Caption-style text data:
=== Section Start ===
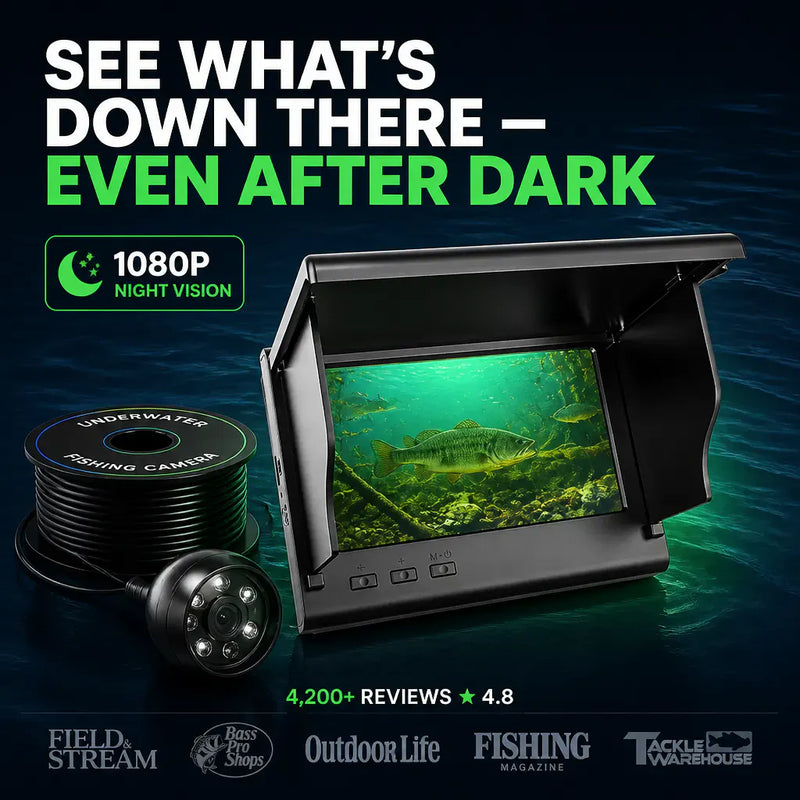 DeepSight - 1080P Underwater Fishing Camera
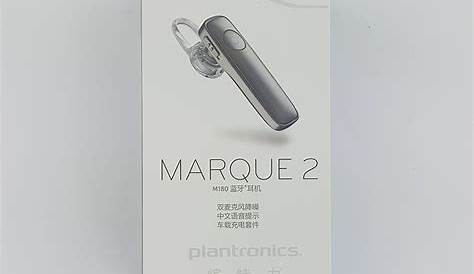 plantronics marque 2 m180 user manual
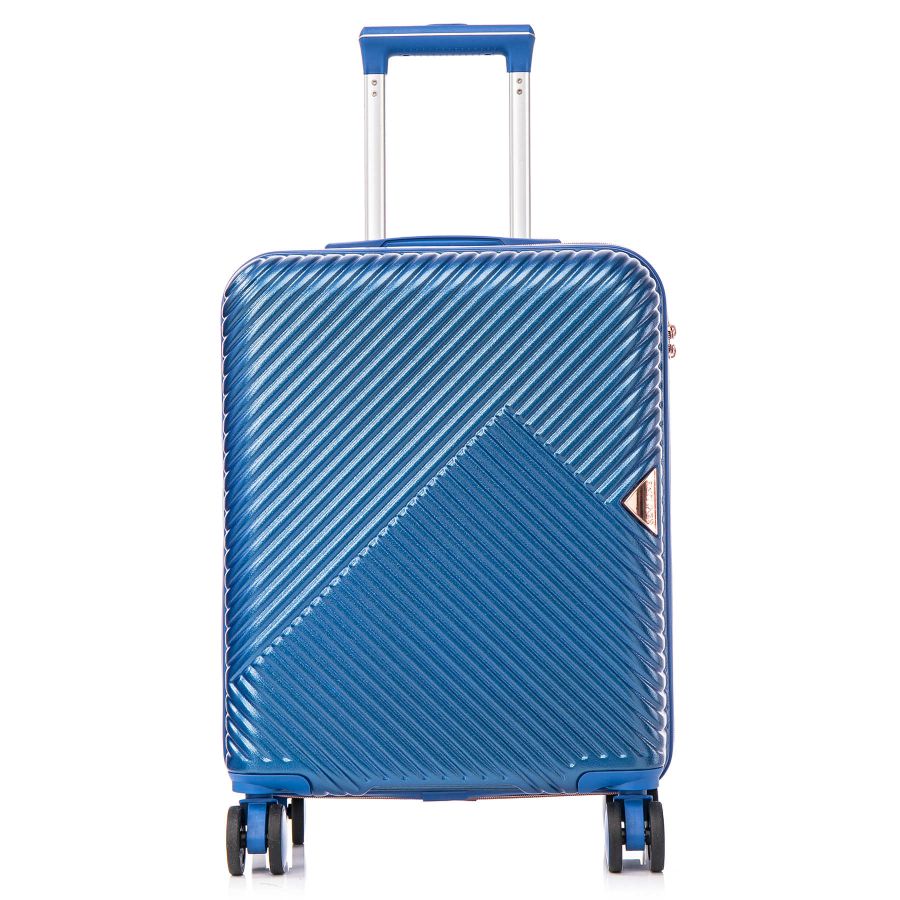 Чемодан маленький под ручную кладь Semi Line 20 (S) ABS-Plastic Blue (T5727-1)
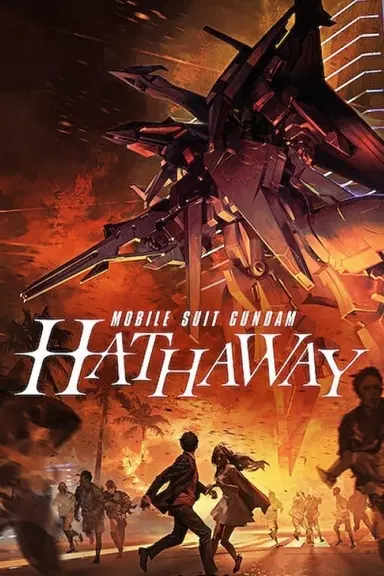 Poster von Mobile Suit Gundam Hathaway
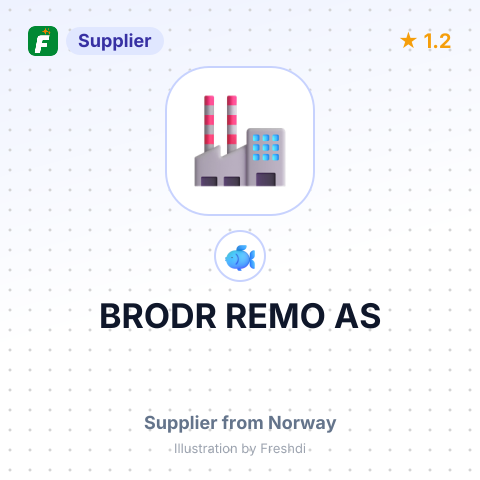 BRODR REMO AS – summary card, no photo uploaded yet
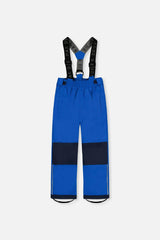 Light Weight Two Piece Chill Snowsuit Royal Blue and Green
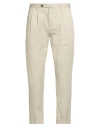 Gta Il Pantalone Man Pants Sand Size 32 Cotton, Elastane In Neutral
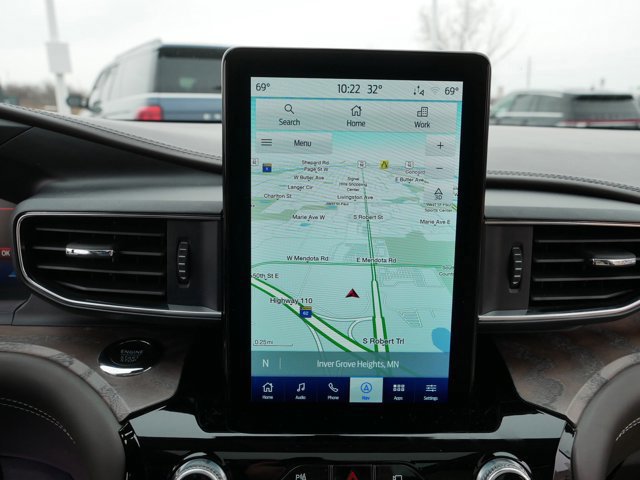 Certified 2022 Ford Explorer Platinum w/ Equipment Group 601A image 28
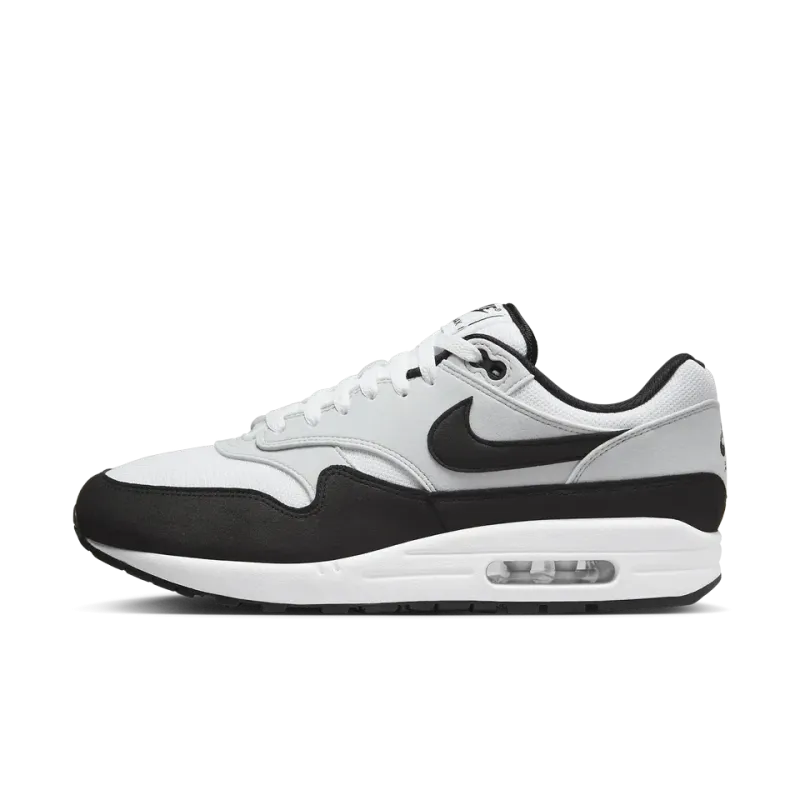 Nike Nike Air Max 1 White Black Mens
=== Section End ===
### PROBLEM REQUIREMENTS:
Leave out the pictures, and retype exactly the lines from the one containing "Чемодан маленький под" through the last line of the data above, no more and no less.

### REPLY TO THE EXERCISE:
 Чемодан маленький под ручную кладь Semi Line 20 (S) ABS-Plastic Blue (T5727-1)
 Poster von Mobile Suit Gundam Hathaway
 BRODR REMO AS – summary card, no photo uploaded yet
 Light Weight Two Piece Chill Snowsuit Royal Blue and Green
 Gta Il Pantalone Man Pants Sand Size 32 Cotton, Elastane In Neutral
 Certified 2022 Ford Explorer Platinum w/ Equipment Group 601A image 28
 Nike Nike Air Max 1 White Black Mens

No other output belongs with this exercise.